WHAT IS REQUIRED »
Among the entries below, only the lines starting at the one with "Moreover, VDISP is" and ending at the one with "Among these applications, the", both included, are to be printed exactly.

Stored data »

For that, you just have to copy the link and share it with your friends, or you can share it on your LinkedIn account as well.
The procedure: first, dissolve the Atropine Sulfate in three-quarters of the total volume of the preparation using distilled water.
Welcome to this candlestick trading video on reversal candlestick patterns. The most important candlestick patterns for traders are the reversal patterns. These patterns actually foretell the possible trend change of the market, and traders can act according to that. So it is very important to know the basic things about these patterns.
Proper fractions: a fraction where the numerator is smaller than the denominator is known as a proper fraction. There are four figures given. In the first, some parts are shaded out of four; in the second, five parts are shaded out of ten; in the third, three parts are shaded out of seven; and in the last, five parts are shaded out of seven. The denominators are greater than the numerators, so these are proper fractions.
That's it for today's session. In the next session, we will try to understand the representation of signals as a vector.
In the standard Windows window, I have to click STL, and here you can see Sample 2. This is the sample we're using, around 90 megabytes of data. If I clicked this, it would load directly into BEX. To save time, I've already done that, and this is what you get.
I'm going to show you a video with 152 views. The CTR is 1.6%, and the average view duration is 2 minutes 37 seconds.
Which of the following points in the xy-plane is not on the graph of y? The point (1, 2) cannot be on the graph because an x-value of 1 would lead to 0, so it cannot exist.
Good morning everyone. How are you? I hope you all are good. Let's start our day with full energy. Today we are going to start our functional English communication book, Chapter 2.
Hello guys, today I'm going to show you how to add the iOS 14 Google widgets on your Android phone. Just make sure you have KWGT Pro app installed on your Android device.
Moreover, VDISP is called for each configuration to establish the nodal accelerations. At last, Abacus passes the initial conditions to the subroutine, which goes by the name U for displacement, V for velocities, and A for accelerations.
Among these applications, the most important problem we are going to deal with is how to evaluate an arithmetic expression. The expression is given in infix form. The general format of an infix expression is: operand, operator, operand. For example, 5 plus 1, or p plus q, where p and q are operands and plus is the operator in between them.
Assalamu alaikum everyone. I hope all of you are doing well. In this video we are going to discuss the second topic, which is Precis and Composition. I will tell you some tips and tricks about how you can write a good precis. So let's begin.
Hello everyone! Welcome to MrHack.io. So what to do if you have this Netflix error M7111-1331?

EXERCISE OUTPUT »
Moreover, VDISP is called for each configuration to establish the nodal accelerations. At last, Abacus passes the initial conditions to the subroutine, which goes by the name U for displacement, V for velocities, and A for accelerations.
Among these applications, the most important problem we are going to deal with is how to evaluate an arithmetic expression. The expression is given in infix form. The general format of an infix expression is: operand, operator, operand. For example, 5 plus 1, or p plus q, where p and q are operands and plus is the operator in between them.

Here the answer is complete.